First quarter revenue of 599.4 million dollars at Wolverine Worldwide declined 2.5 percent versus the prior year and declined 0.5 percent on a constant currency basis.
The company said revenue from the ongoing business was 580.4 million dollars representing constant currency growth of 2.9 percent.
The company's international business rose 12.6 percent or 18 percent on a constant currency basis to 249.7 million dollars. Direct-to-consumer revenue from the ongoing business of 124.9 million dollars was down 7.7 percent compared to the prior year and down 4.4 percent on a constant currency basis.
Gross margin for the quarter was 39.4 percent compared to 42.5 percent in the prior year.
“We are pleased with delivering first quarter results in line with guidance which included 15 percent constant currency revenue growth from our Active Group. Earnings results slightly exceeded our expectations and we made progress on reducing inventory. Our first quarter performance and initiatives we have in place position us to reaffirm our full-year outlook despite a challenging environment," said Brendan Hoffman, the company’s president and CEO in a release.

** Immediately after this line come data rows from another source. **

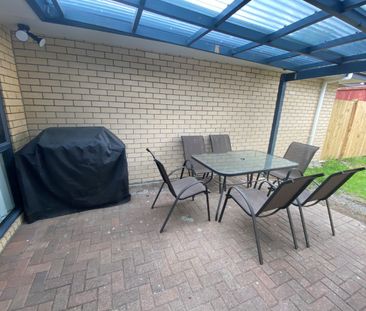 37 Foxlaw Street, Randwick Park, Auckland - Photo 4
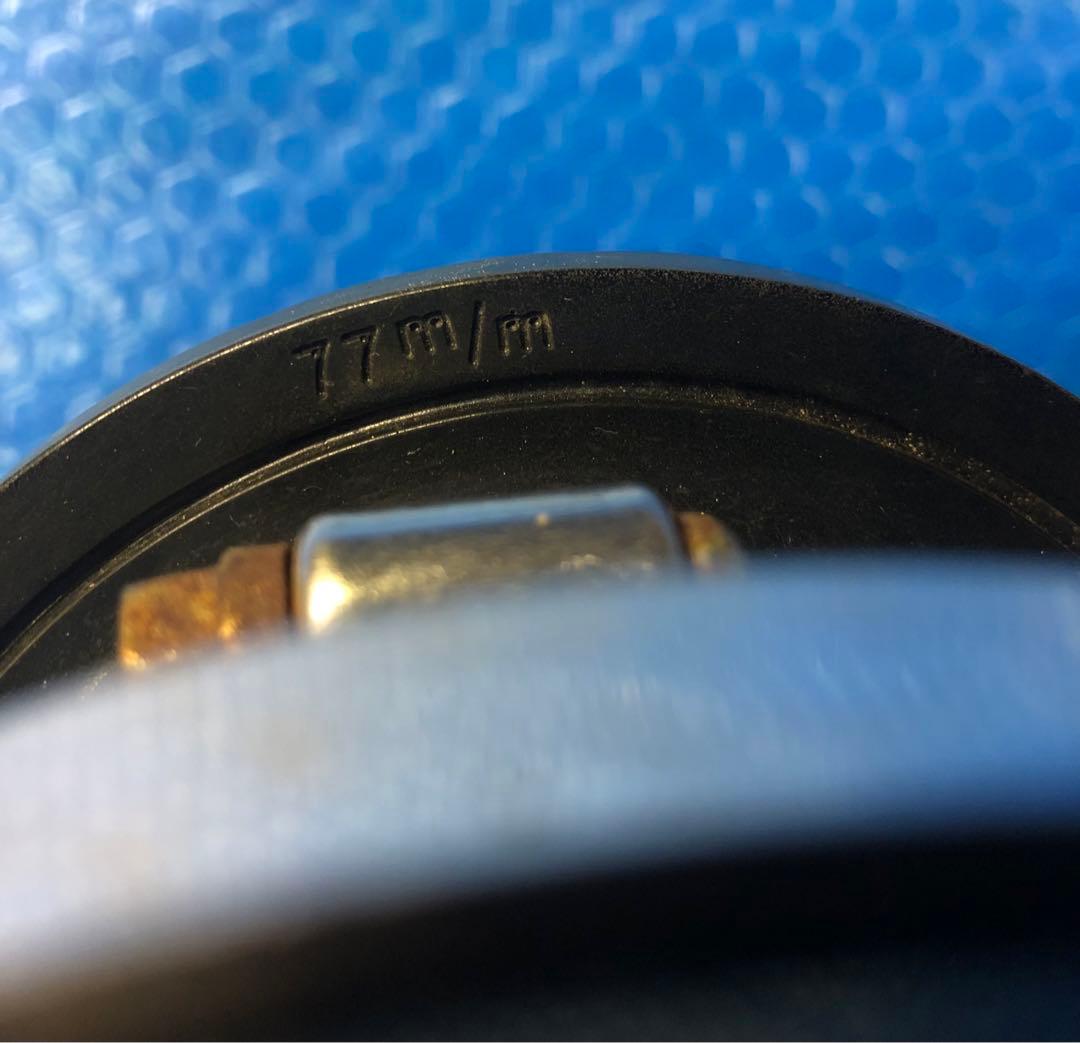 零1000パワーチャンバー ZERO1000パワーチャンバー GDフィット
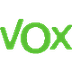 Vox (partido político) - Wikip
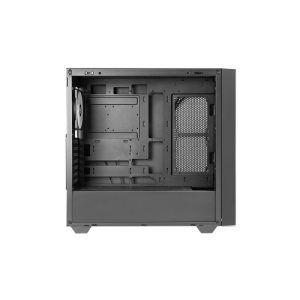 Kućište Chieftec Gaming Night Hunter 3 GS-03B-OP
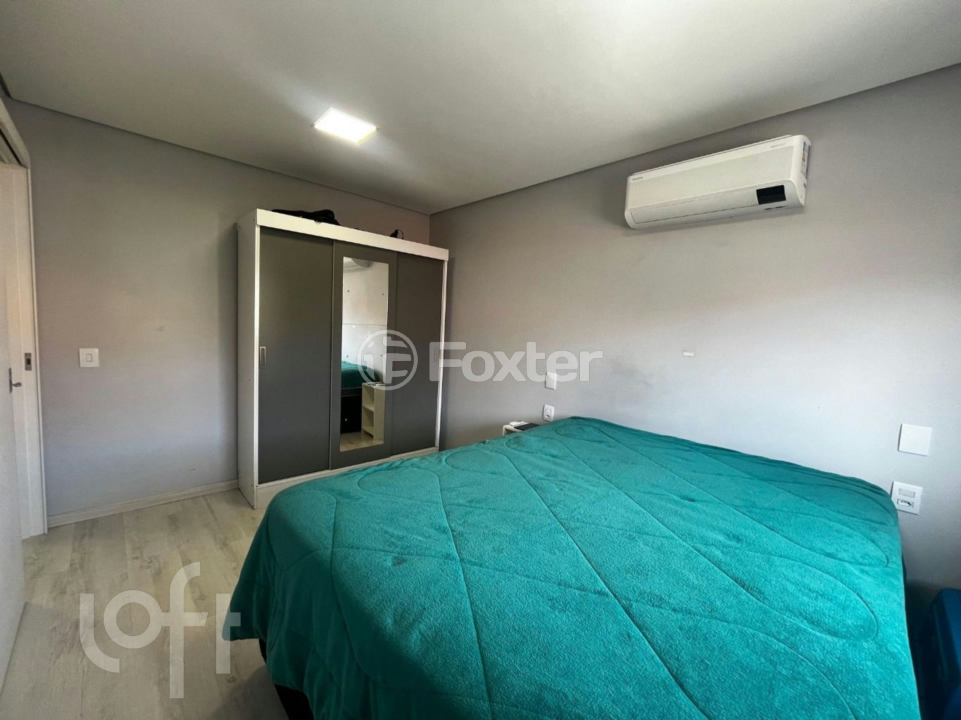 Casa à venda com 3 quartos, 92m² - Foto 31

For fiscal 2023, the company added, revenue from ongoing business is expected to be in the range of 2.53 billion dollars to 2.58 billion dollars, representing growth of approximately 0 percent to 2 percent and constant currency growth of approximately 1 percent to 3 percent.

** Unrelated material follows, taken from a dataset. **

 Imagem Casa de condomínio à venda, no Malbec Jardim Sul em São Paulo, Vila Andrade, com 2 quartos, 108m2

Gross margin is expected to be approximately 41.3 percent and adjusted gross margin is expected to be approximately 42 percent. Operating margin is expected to be approximately 8.7 percent and adjusted operating margin is expected to be approximately 8.5 percent.
Diluted earnings per share are expected to be between 1.50 dollars to 1.70 dollars and adjusted diluted earnings per share are expected to be between 1.40 dollars to 1.60 dollars.